Why CIOs Must Transform to the Service Defined Enterprise (SDE)

The key to a CIO’s success in the near future will be transforming any business from a ‘technology-defined enterprise’, into a ‘service defined enterprise’ (SDE).

SDEs will have less focus on what IT systems they own and operate, and pay far more attention to which IT services they can access, and the speed at which these services can meet overriding business objectives.

Most organizations today remain ‘technology defined’ – being only as agile as the technology and application platforms they have chosen in years past. In the SDE future, the transformation in technologies, operational and consumption models will drive new levels of agility.

At a recent EMEA analysts briefing, Logicalis Group CTO, Chris Gabriel, outlined his view of the nature of the wave of disruptive innovation which Logicalis anticipates, and why the company is focusing on the age of the SDE.

As Logicalis sees it, becoming an SDE is a massive driver for growth beyond the current trends centred on cloud, analytics, networking, mobility, and managed services.

Gabriel said the expectation of IT experience has changed dramatically over the last five years with the paradox that consumers expect IT to be easier and simpler, while the back ends are increasingly complex and challenging.

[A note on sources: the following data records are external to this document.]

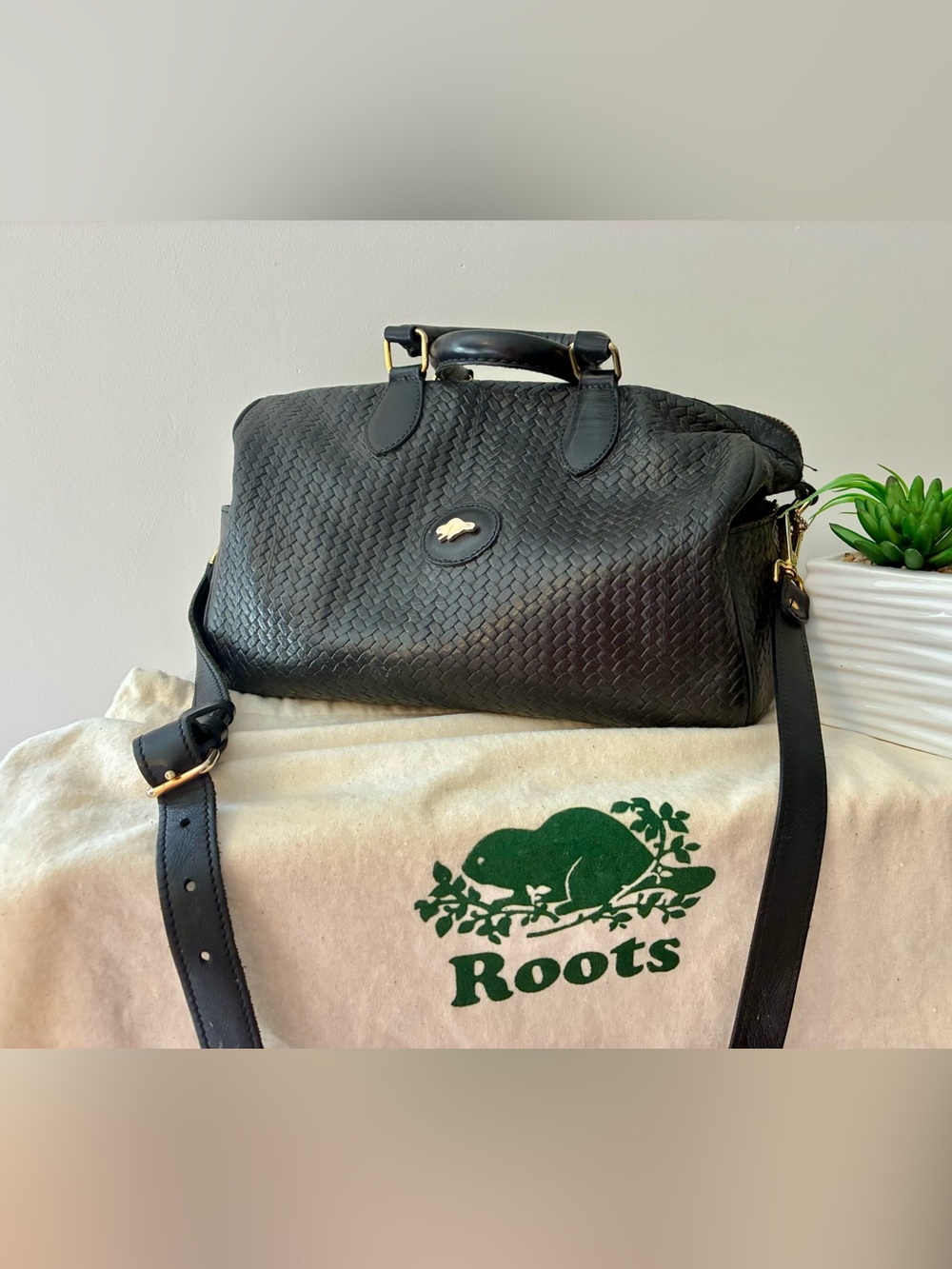 ROOTS ‘Banff’ vintage woven leather satchel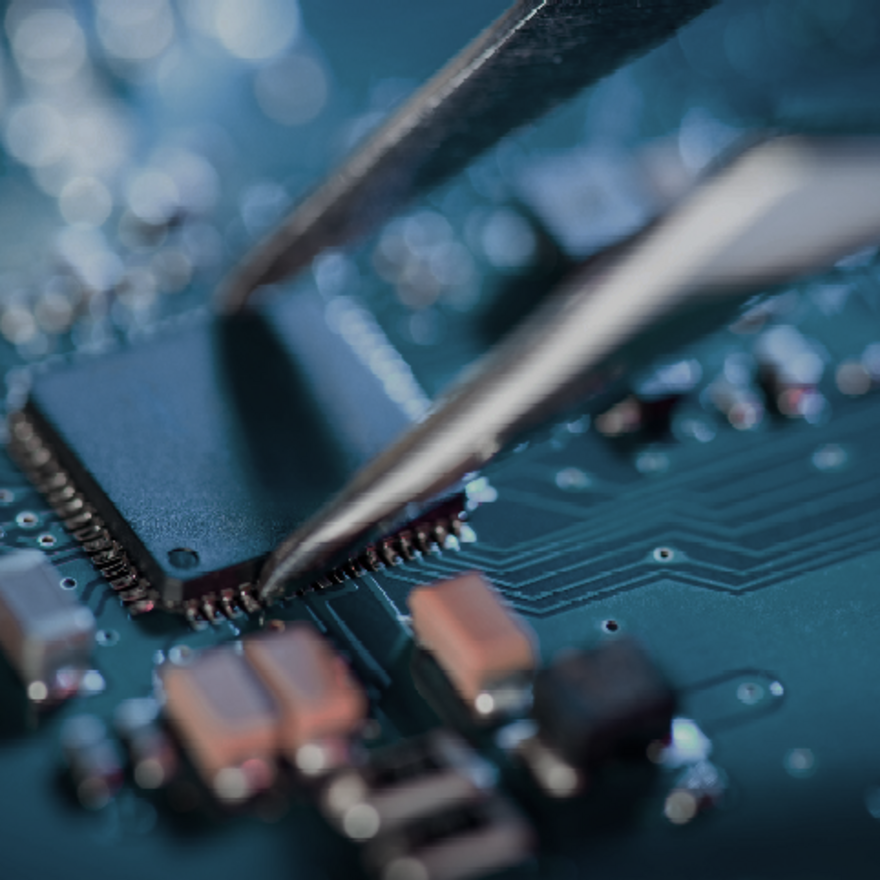 Platine wird zusammengebaut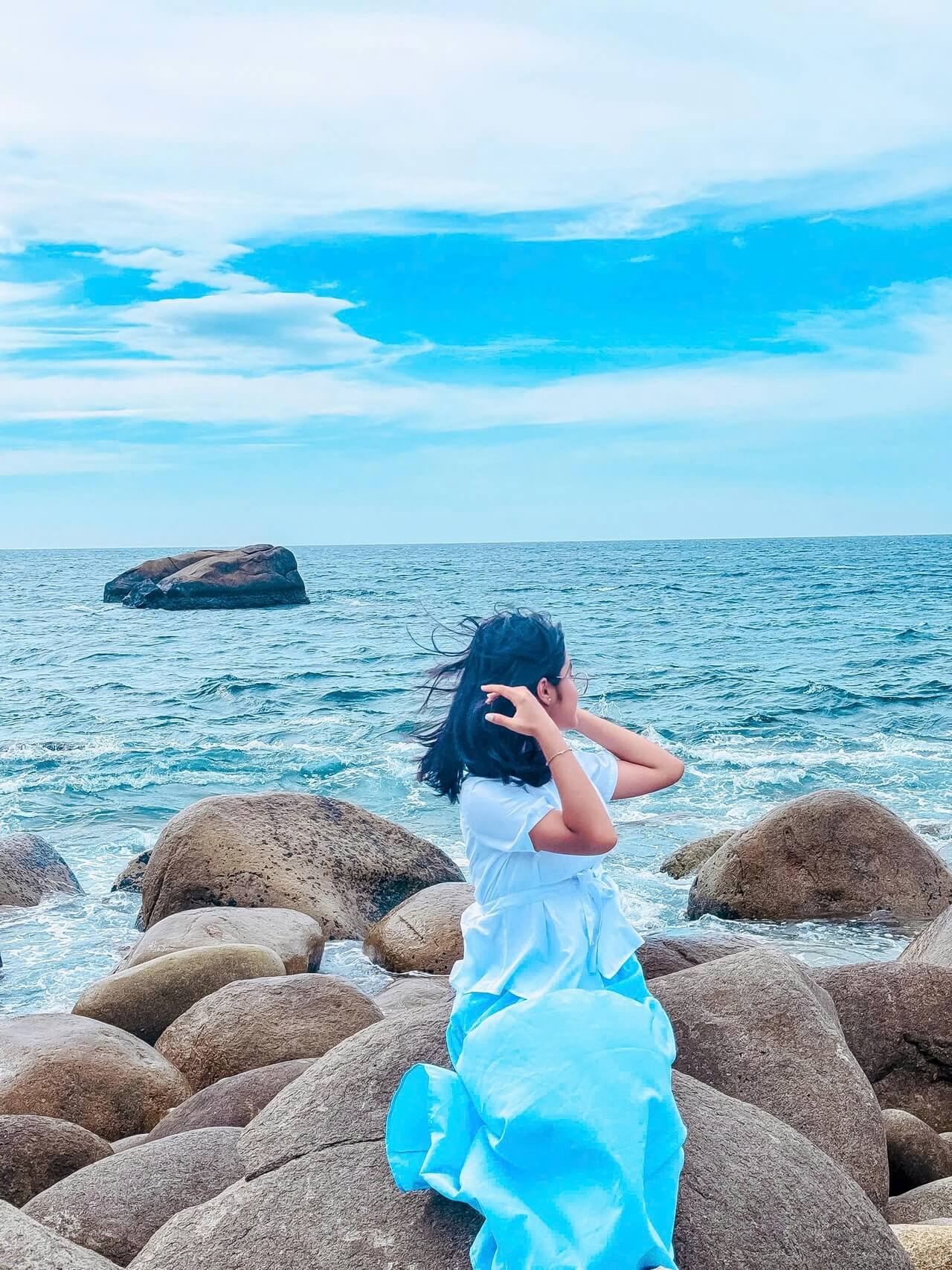 Tour Khach Doan Binh Hung 07 08 2026 01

“Remember , the iPad is only four years old - but consumers now expect IT to be simple, engaging, giving them access anything, any time, night or day. Everybody is IT literate,” he said. “The expectation is that IT must be much simpler than it’s ever been, but the back end is ever more complicated, relating to technology and regulation.”

Recent innovations such as the Software Defined Network (SDN) mean enterprises can have intelligent networks that can make millions of decisions, that can be driven by applications that can be flown by wire from the service provider, so the underlying technology is ever more complex.

Gabriel said the SDE future requires a fundamental change in the CIO’s role.

“As IT strives to move itself from operator to innovator, actually they (CIOs) have to change what they do, not at an efficiency layer; it’s not about driving efficiency to move the needle towards more innovation, it is fundamentally changing how they see their role,” he said, “How they see what they do and how they deliver it to their businesses.”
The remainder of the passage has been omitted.